TASK ITEM: Please reproduce each line of the data below as it stands.

DATA RECORDS:
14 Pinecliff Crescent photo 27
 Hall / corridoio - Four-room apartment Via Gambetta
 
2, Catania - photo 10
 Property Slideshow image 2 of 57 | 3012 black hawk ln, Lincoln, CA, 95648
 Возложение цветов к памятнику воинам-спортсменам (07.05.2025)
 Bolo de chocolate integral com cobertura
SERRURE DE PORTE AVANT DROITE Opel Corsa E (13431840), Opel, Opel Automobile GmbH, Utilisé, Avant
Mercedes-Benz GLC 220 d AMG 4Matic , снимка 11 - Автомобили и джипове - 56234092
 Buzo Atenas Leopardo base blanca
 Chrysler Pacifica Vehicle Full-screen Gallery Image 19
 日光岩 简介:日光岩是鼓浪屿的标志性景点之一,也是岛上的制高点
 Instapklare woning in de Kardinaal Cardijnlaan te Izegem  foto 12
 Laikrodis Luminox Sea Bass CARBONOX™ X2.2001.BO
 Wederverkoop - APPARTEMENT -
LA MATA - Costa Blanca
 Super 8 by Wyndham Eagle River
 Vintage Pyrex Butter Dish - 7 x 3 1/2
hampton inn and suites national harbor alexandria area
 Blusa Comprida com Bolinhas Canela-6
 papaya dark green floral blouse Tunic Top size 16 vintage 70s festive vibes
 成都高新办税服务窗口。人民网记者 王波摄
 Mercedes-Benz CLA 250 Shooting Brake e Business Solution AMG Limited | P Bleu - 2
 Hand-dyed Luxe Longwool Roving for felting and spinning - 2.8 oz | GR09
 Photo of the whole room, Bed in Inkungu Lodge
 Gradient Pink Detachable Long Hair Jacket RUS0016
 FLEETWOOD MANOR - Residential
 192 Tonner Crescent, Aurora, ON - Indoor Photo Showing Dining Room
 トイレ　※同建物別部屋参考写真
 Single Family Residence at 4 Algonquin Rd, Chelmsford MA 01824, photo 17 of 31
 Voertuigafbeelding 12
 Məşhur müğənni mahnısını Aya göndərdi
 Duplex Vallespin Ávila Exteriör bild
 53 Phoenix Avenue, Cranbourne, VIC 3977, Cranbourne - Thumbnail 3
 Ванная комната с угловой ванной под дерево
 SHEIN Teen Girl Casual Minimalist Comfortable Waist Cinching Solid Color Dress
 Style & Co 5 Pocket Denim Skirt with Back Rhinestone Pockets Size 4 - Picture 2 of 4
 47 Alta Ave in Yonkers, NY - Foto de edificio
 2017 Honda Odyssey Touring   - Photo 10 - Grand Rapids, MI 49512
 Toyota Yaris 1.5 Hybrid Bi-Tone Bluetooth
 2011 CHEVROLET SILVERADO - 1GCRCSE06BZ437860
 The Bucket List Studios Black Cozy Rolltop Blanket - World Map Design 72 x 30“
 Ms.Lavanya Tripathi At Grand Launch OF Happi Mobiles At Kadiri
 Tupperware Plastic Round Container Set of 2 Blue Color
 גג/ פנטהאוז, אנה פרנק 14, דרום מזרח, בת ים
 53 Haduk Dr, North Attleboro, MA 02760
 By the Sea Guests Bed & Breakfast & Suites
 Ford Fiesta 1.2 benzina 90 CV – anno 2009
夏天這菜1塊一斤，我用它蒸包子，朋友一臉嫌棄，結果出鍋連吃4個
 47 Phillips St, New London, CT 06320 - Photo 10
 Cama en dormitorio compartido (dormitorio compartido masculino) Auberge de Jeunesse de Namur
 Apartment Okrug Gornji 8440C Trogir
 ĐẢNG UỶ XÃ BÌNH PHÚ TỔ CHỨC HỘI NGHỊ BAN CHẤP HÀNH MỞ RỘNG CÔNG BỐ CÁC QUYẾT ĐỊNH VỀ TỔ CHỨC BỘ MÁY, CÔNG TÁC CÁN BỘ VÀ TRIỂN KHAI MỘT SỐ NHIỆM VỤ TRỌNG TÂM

REPLY TO THE TASK:
14 Pinecliff Crescent photo 27
 Hall / corridoio - Four-room apartment Via Gambetta
 
2, Catania - photo 10
 Property Slideshow image 2 of 57 | 3012 black hawk ln, Lincoln, CA, 95648
 Возложение цветов к памятнику воинам-спортсменам (07.05.2025)
 Bolo de chocolate integral com cobertura
SERRURE DE PORTE AVANT DROITE Opel Corsa E (13431840), Opel, Opel Automobile GmbH, Utilisé, Avant
Mercedes-Benz GLC 220 d AMG 4Matic , снимка 11 - Автомобили и джипове - 56234092
 Buzo Atenas Leopardo base blanca
 Chrysler Pacifica Vehicle Full-screen Gallery Image 19
 日光岩 简介:日光岩是鼓浪屿的标志性景点之一,也是岛上的制高点
 Instapklare woning in de Kardinaal Cardijnlaan te Izegem  foto 12
 Laikrodis Luminox Sea Bass CARBONOX™ X2.2001.BO
 Wederverkoop - APPARTEMENT -
LA MATA - Costa Blanca
 Super 8 by Wyndham Eagle River
 Vintage Pyrex Butter Dish - 7 x 3 1/2
hampton inn and suites national harbor alexandria area
 Blusa Comprida com Bolinhas Canela-6
 papaya dark green floral blouse Tunic Top size 16 vintage 70s festive vibes
 成都高新办税服务窗口。人民网记者 王波摄
 Mercedes-Benz CLA 250 Shooting Brake e Business Solution AMG Limited | P Bleu - 2
 Hand-dyed Luxe Longwool Roving for felting and spinning - 2.8 oz | GR09
 Photo of the whole room, Bed in Inkungu Lodge
 Gradient Pink Detachable Long Hair Jacket RUS0016
 FLEETWOOD MANOR - Residential
 192 Tonner Crescent, Aurora, ON - Indoor Photo Showing Dining Room
 トイレ　※同建物別部屋参考写真
 Single Family Residence at 4 Algonquin Rd, Chelmsford MA 01824, photo 17 of 31
 Voertuigafbeelding 12
 Məşhur müğənni mahnısını Aya göndərdi
 Duplex Vallespin Ávila Exteriör bild
 53 Phoenix Avenue, Cranbourne, VIC 3977, Cranbourne - Thumbnail 3
 Ванная комната с угловой ванной под дерево
 SHEIN Teen Girl Casual Minimalist Comfortable Waist Cinching Solid Color Dress
 Style & Co 5 Pocket Denim Skirt with Back Rhinestone Pockets Size 4 - Picture 2 of 4
 47 Alta Ave in Yonkers, NY - Foto de edificio
 2017 Honda Odyssey Touring   - Photo 10 - Grand Rapids, MI 49512
 Toyota Yaris 1.5 Hybrid Bi-Tone Bluetooth
 2011 CHEVROLET SILVERADO - 1GCRCSE06BZ437860
 The Bucket List Studios Black Cozy Rolltop Blanket - World Map Design 72 x 30“
 Ms.Lavanya Tripathi At Grand Launch OF Happi Mobiles At Kadiri
 Tupperware Plastic Round Container Set of 2 Blue Color
 גג/ פנטהאוז, אנה פרנק 14, דרום מזרח, בת ים
 53 Haduk Dr, North Attleboro, MA 02760
 By the Sea Guests Bed & Breakfast & Suites
 Ford Fiesta 1.2 benzina 90 CV – anno 2009
夏天這菜1塊一斤，我用它蒸包子，朋友一臉嫌棄，結果出鍋連吃4個
 47 Phillips St, New London, CT 06320 - Photo 10
 Cama en dormitorio compartido (dormitorio compartido masculino) Auberge de Jeunesse de Namur
 Apartment Okrug Gornji 8440C Trogir
 ĐẢNG UỶ XÃ BÌNH PHÚ TỔ CHỨC HỘI NGHỊ BAN CHẤP HÀNH MỞ RỘNG CÔNG BỐ CÁC QUYẾT ĐỊNH VỀ TỔ CHỨC BỘ MÁY, CÔNG TÁC CÁN BỘ VÀ TRIỂN KHAI MỘT SỐ NHIỆM VỤ TRỌNG TÂM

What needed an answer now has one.